## WHAT THE TASK ASKS
Beginning with the first line below, output every record verbatim and leave out the images.

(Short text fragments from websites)
○ ○ ○ ○ ○ ○ ○

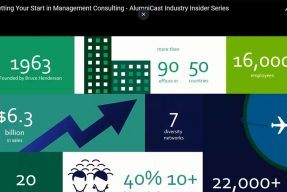 Screenshot of a chart from a video on management consulting
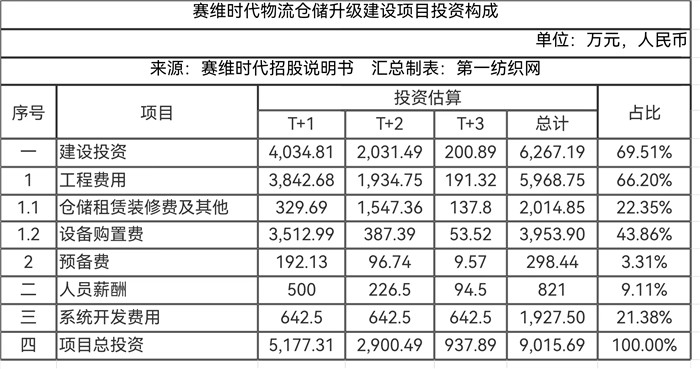 靠亚马逊卖衣服去年营收33亿，赛维时代募6亿建面辅料超市等项目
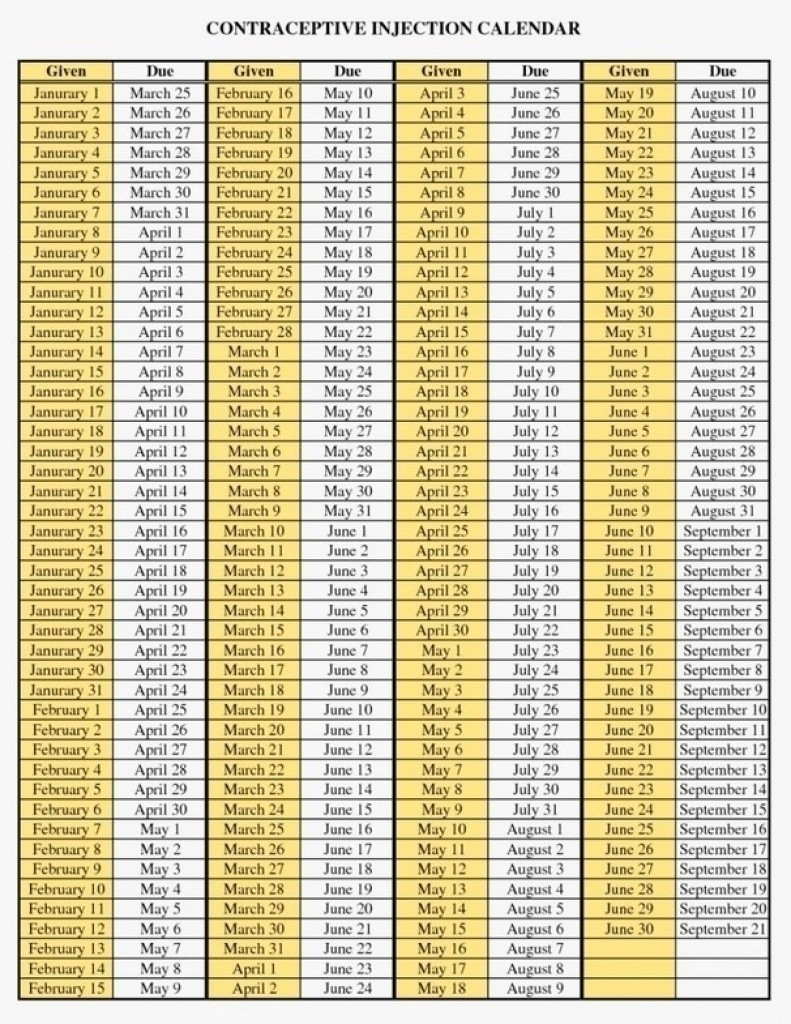 Depo Shot Schedule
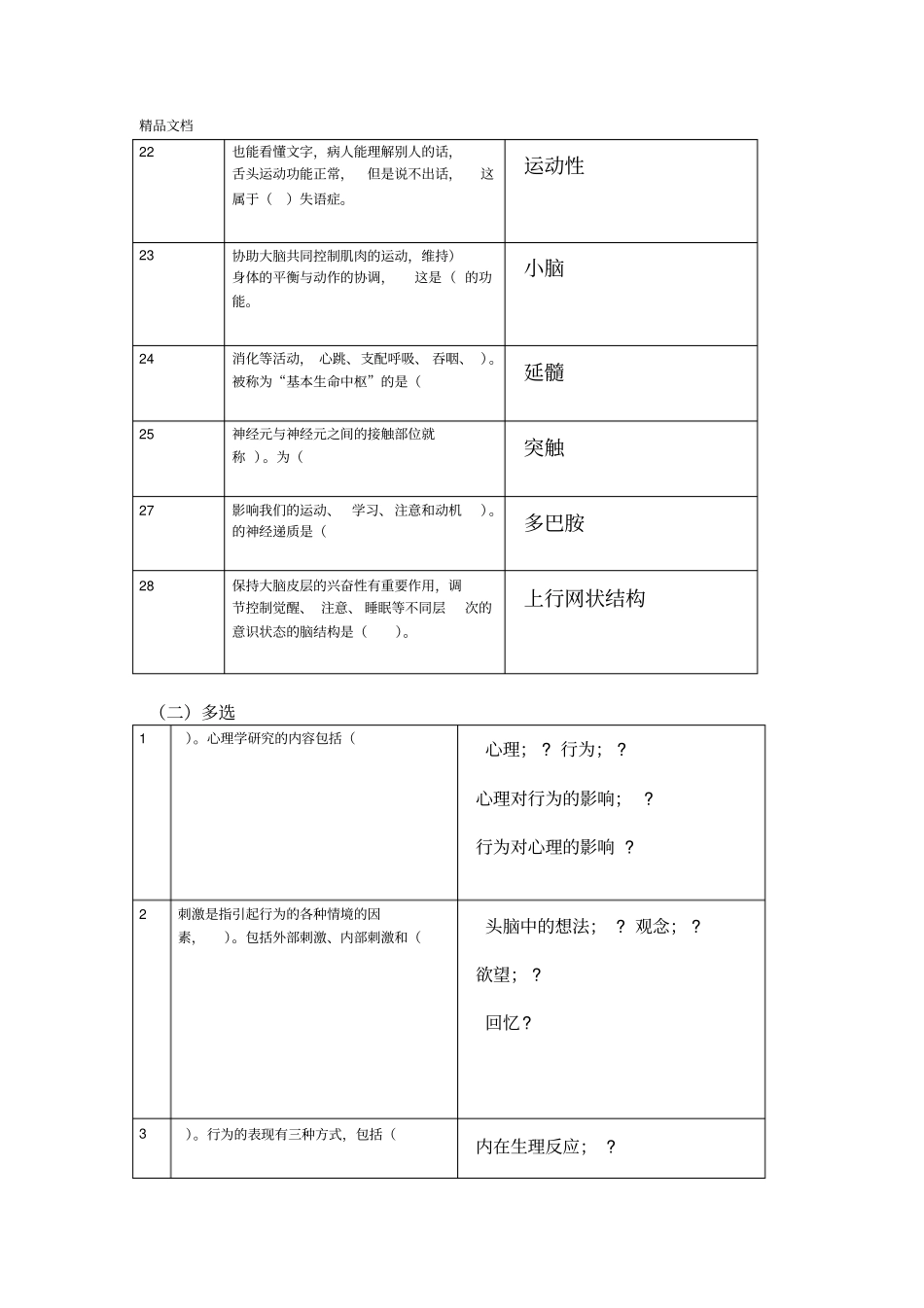 最新心理学答案归纳版_第3页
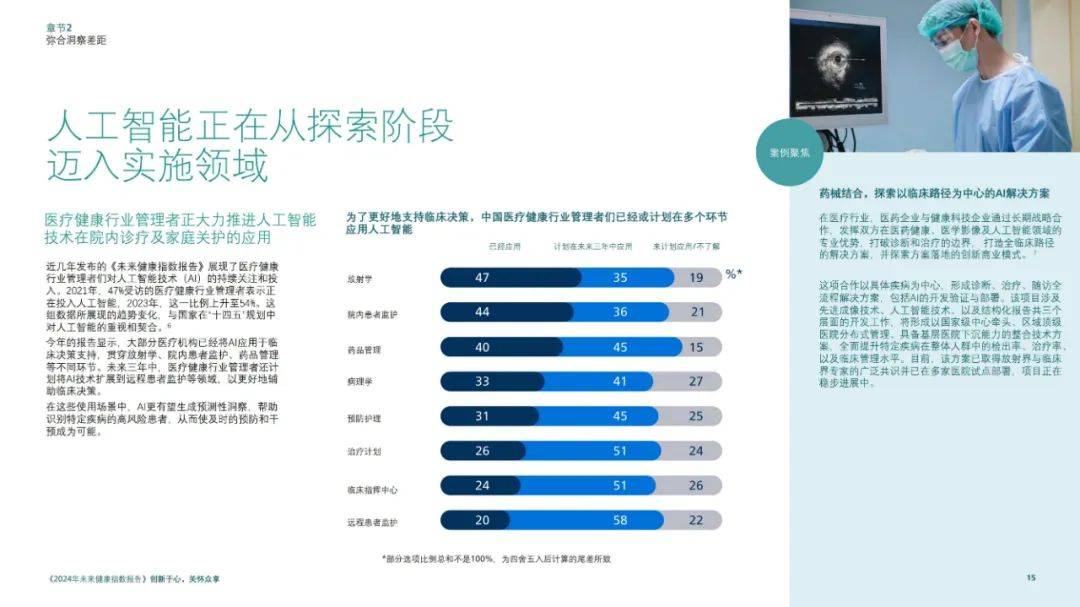 飞利浦：2024年未来健康指数走势预测最新，未来健康行业发展趋势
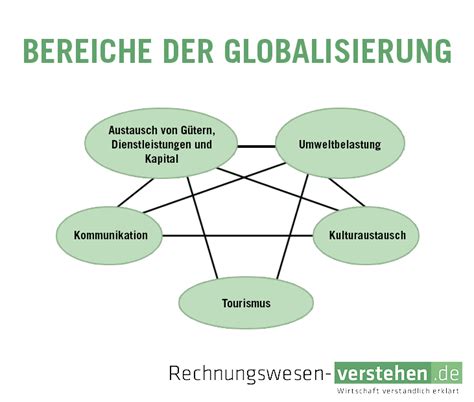 Globalisierung von venorth verena obermayr 2000. Globalisierung — einfache Definition & Erklärung » Lexikon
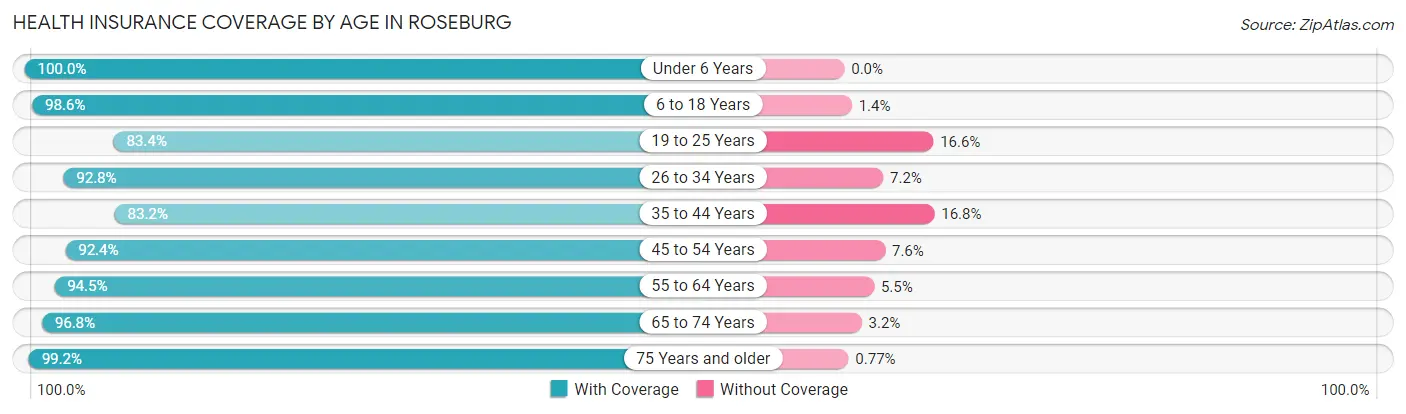Health Insurance Coverage by Age in Roseburg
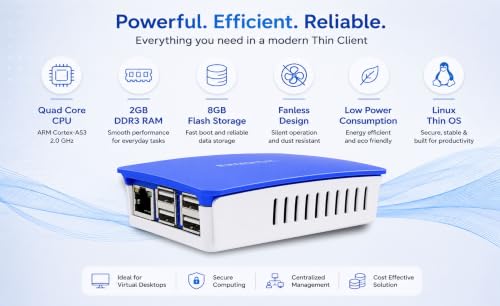 Zinx Nseries FL300 Thin Client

○ ○ ○ ○ ○ ○ ○

## TASK ANSWER
 Screenshot of a chart from a video on management consulting
 靠亚马逊卖衣服去年营收33亿，赛维时代募6亿建面辅料超市等项目
 Depo Shot Schedule
 最新心理学答案归纳版_第3页
 飞利浦：2024年未来健康指数走势预测最新，未来健康行业发展趋势
 Globalisierung von venorth verena obermayr 2000. Globalisierung — einfache Definition & Erklärung » Lexikon
Health Insurance Coverage by Age in Roseburg
 Zinx Nseries FL300 Thin Client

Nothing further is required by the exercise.